Researchers did note significant differences when comparing the bisoprolol group vs. the placebo group during evaluation of COPD-related mortality risk (HR = 0.19; 95% CI, 0.04-0.88; P = .03) and Transition Dyspnea Index score-quantified dyspnea at 52 weeks (mean difference, –0.73; 95% CI, –1.44 to –0.01; P = .05).

“[For the COPD-related mortality finding], the numbers are small: two in the bisoprolol group and 10 in the placebo group,” Lipworth said. “Personally, I wouldn’t really read too much into that impact on COPD mortality.”

Lipworth added that he “really wouldn’t put too much emphasis” on the change in Transition Dyspnea Index either since it was less than the minimum clinically important difference value.

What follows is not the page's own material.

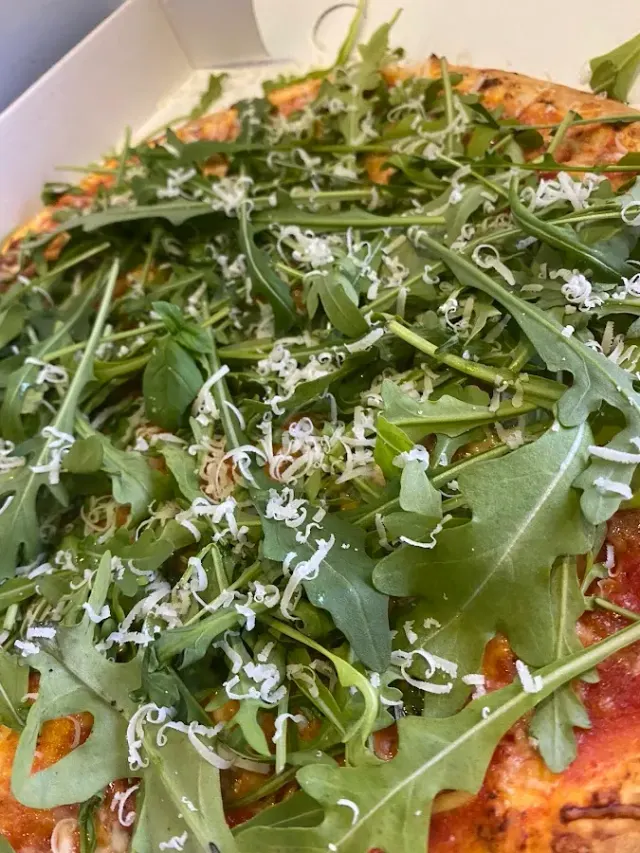 BookNoFees: Restaurante – Pizzeria Tevere – Halver – Pizzería Tevere, foto 3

After factoring out those who did not begin their assigned treatment (bisoprolol and placebo each, n = 4), those with adherence less than 70% (bisoprolol, n =8; placebo, n = 6) and discontinuations (bisoprolol, n = 73; placebo, n = 62), only 174 patients remained in the bisoprolol group, and 183 patients remained in the placebo group.

In this filtered population, researchers again found that bisoprolol did not significantly differ from placebo with regard to the adjusted incidence rate ratio for treated COPD exacerbations and for hospitalization-required COPD exacerbations.

In terms of safety, 14.5% of patients receiving bisoprolol experienced serious adverse events, and this was nearly identical to the proportion found in the placebo group (14.3%).

Slightly more patients receiving placebo vs. bisoprolol had respiratory serious adverse events (11 vs. 4) and respiratory adverse reactions (12.3% vs. 9.8%).

When discussing limitations, Lipworth highlighted the COVID-19 pandemic.

“This study was affected by the COVID pandemic, and we ended up enrolling only 500 of the 1,500 planned patients, and that obviously does have an impact in terms of potential statistical power,” he said during his presentation.